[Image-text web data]
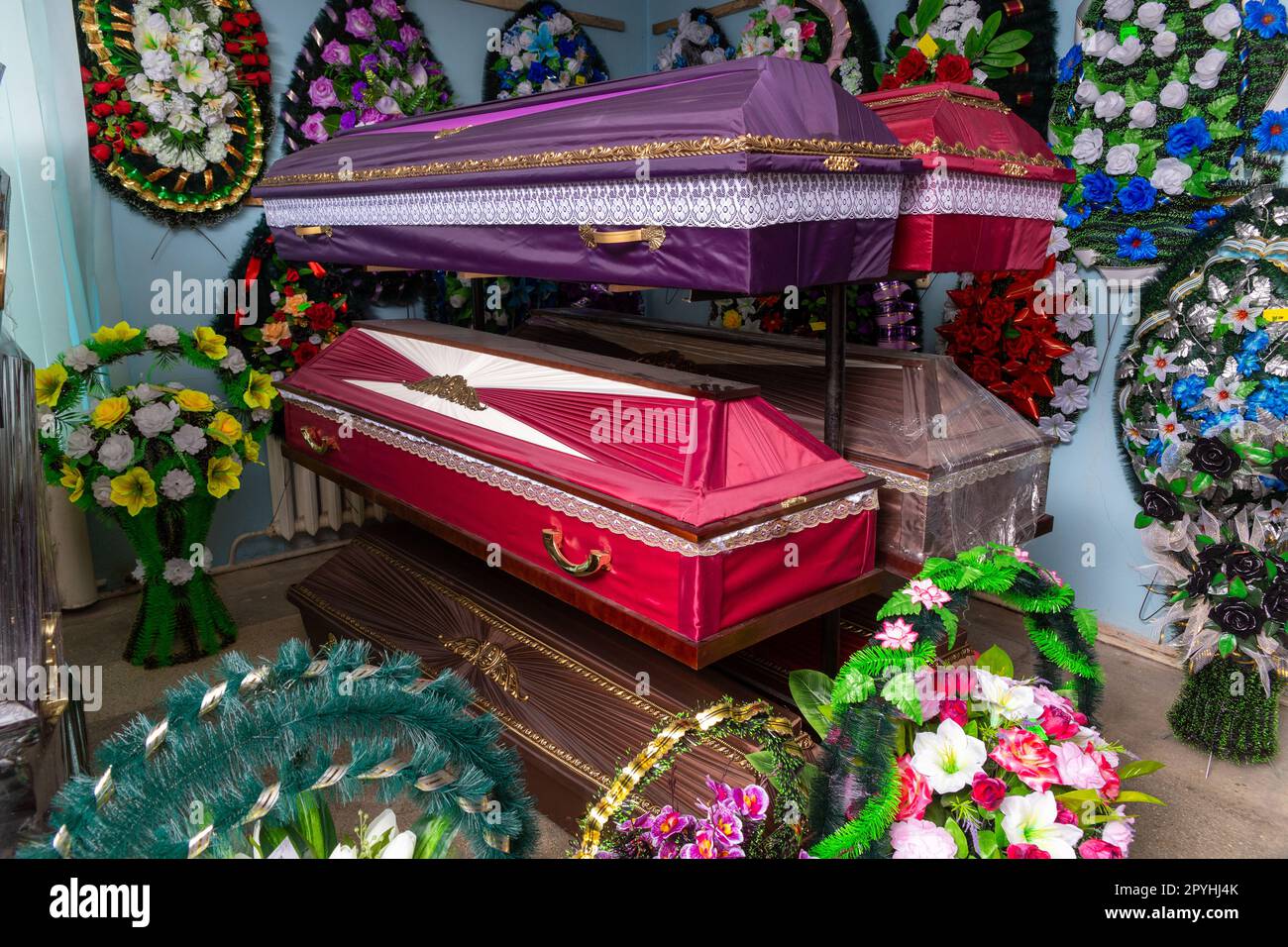 Interno di stanza con accessori funebri. Negozio che vende bare, corone  funebri e fiori Foto stock - Alamy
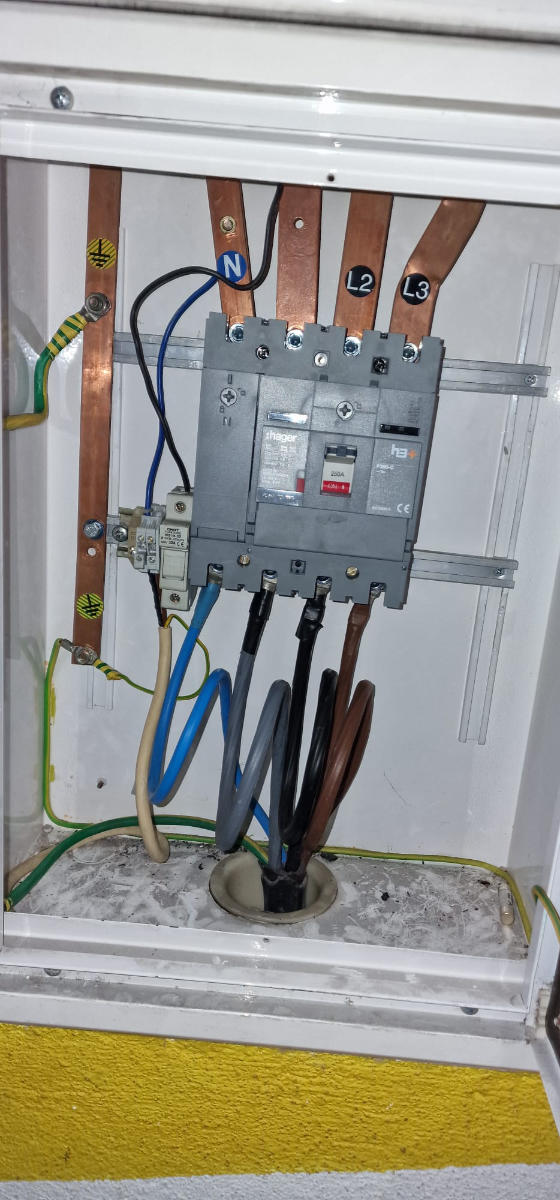 Quadro elétrico geral com disjuntor de 250A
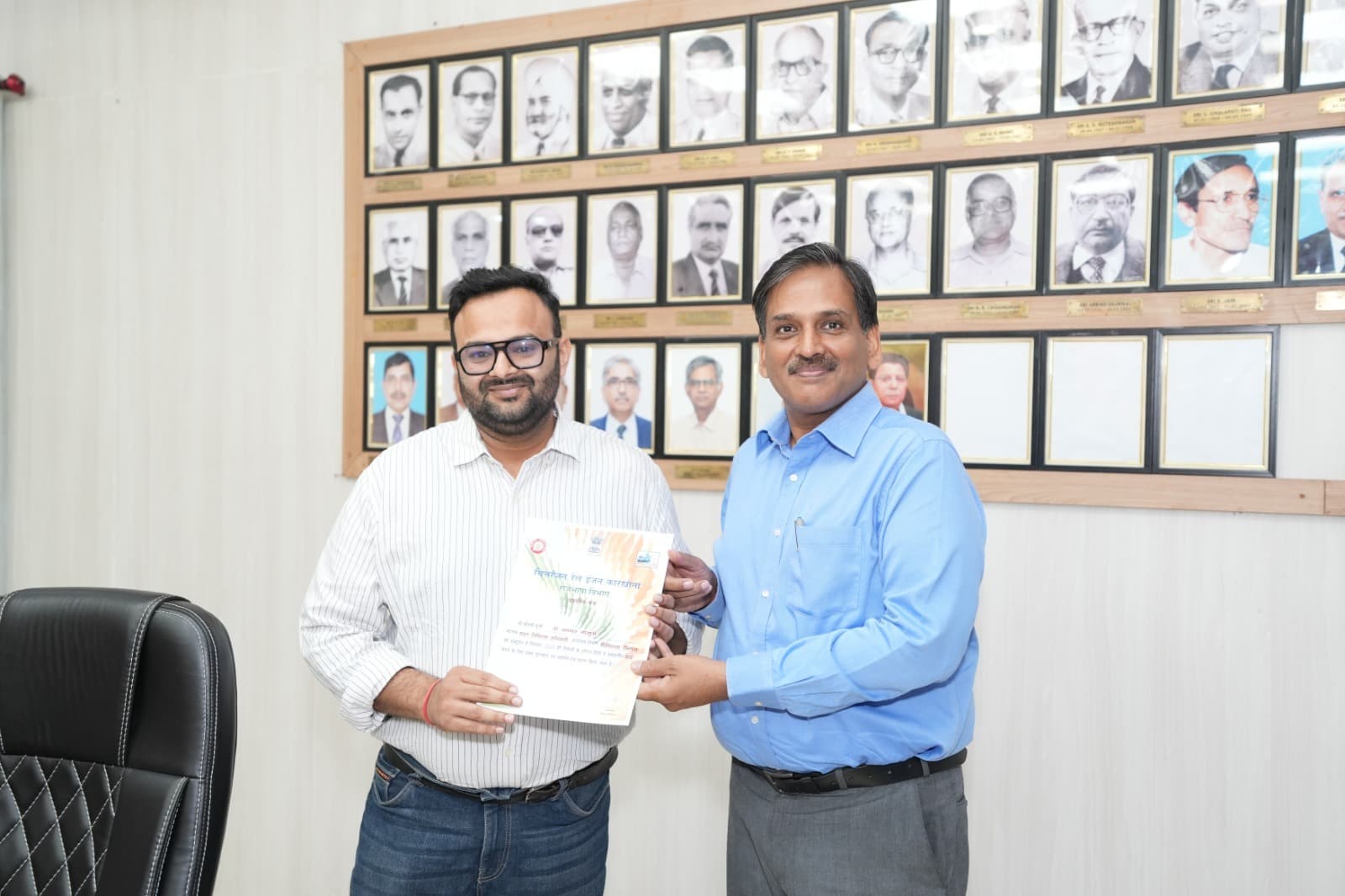 हिंदी में प्रशंसनीय कार्य के लिए चिरेकाकर्मी पुरस्कृत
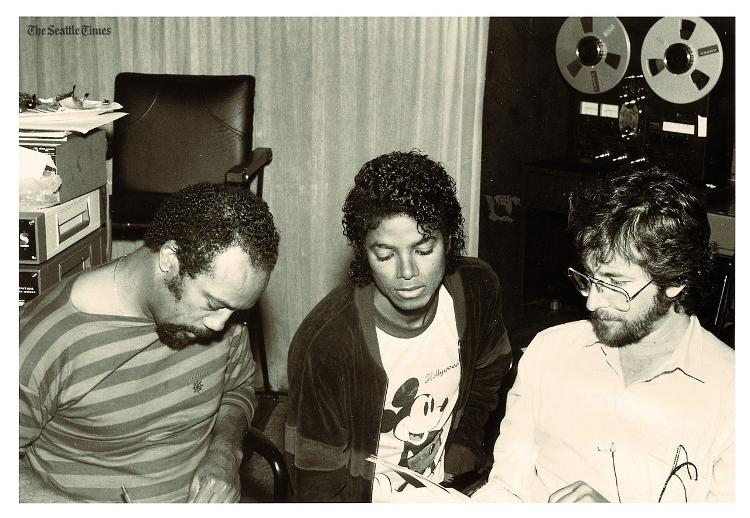 O produtor Quincy Jones (esq.), Michael Jackson (centro)  e Steven Spielberg (dir.) em estúdio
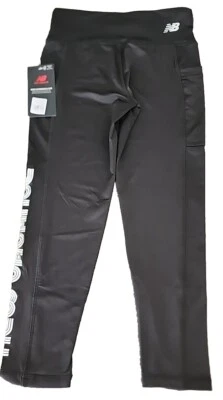 NEW BALANCE ~ Legging pequeño (7/8) ~ Negro con logotipo de lámina ~ Bolsillo ~ Poliéster/Spandex Foto 1 de 4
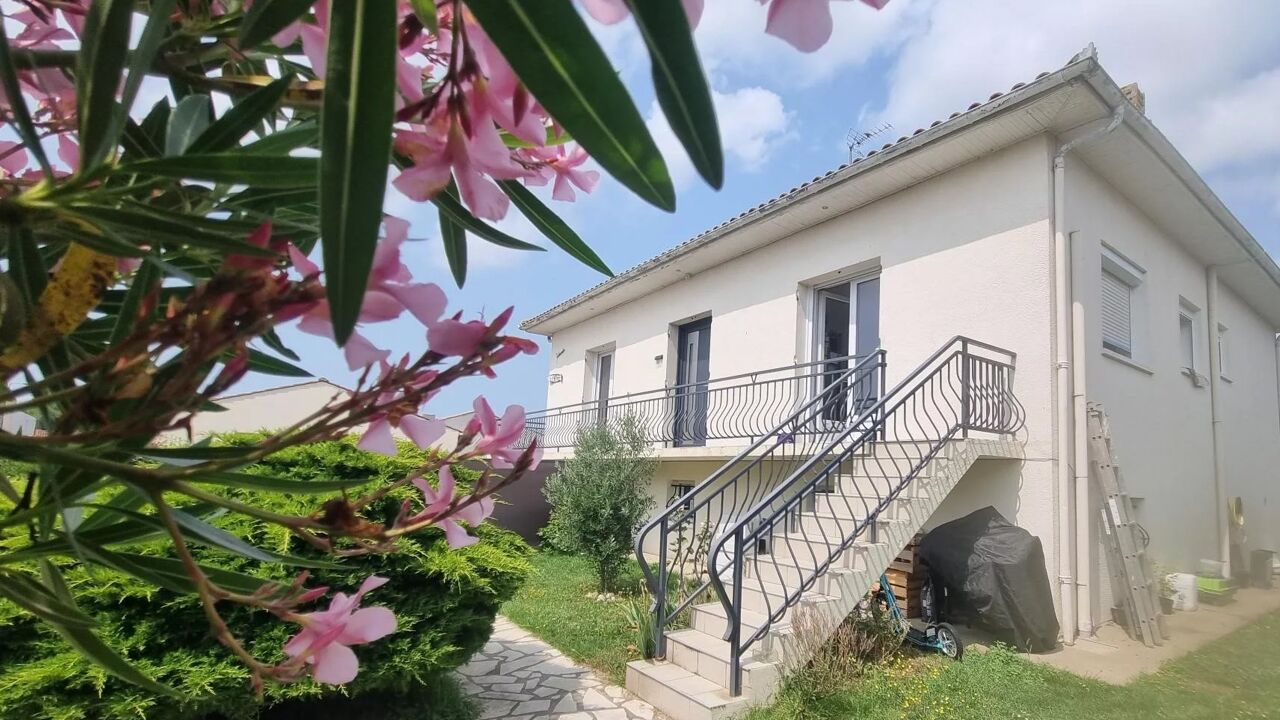 maison  pièces 191 m2 à vendre à Cozes (17120)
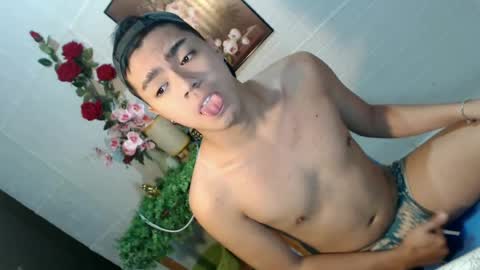 Snapshot of _cumwithrussel chatting on June 2026 01:51:02 AM Russ online show from June 2026 01:51:02 AM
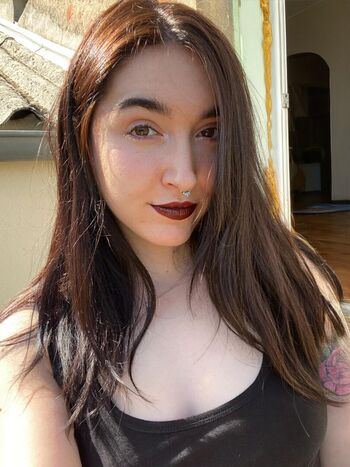 Full leaked Ravenivee private photo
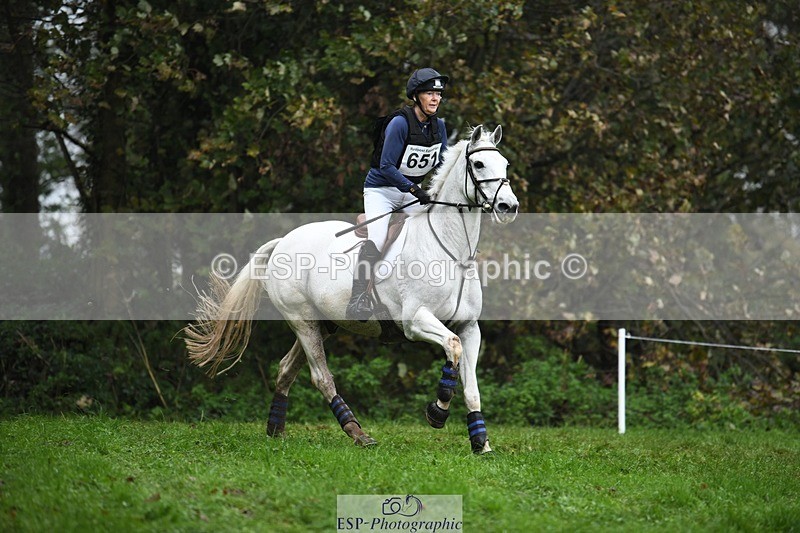 231021-105849-14255 - 651-RATHNAGREW.GREY.TEX-Nicola.Horsley-gubbins-SC+XC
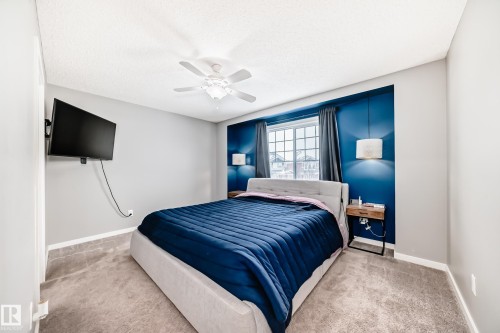 5422 Crabapple Loop, Edmonton, AB - Indoor Photo Showing Bedroom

Exercise -
In your copy of the entries above, leave out the pictures and keep every word exact.

Reply to the exercise -
 Interno di stanza con accessori funebri. Negozio che vende bare, corone  funebri e fiori Foto stock - Alamy
 Quadro elétrico geral com disjuntor de 250A
 हिंदी में प्रशंसनीय कार्य के लिए चिरेकाकर्मी पुरस्कृत
 O produtor Quincy Jones (esq.), Michael Jackson (centro)  e Steven Spielberg (dir.) em estúdio
 NEW BALANCE ~ Legging pequeño (7/8) ~ Negro con logotipo de lámina ~ Bolsillo ~ Poliéster/Spandex Foto 1 de 4
 maison  pièces 191 m2 à vendre à Cozes (17120)
 Snapshot of _cumwithrussel chatting on June 2026 01:51:02 AM Russ online show from June 2026 01:51:02 AM
 Full leaked Ravenivee private photo
 231021-105849-14255 - 651-RATHNAGREW.GREY.TEX-Nicola.Horsley-gubbins-SC+XC
 5422 Crabapple Loop, Edmonton, AB - Indoor Photo Showing Bedroom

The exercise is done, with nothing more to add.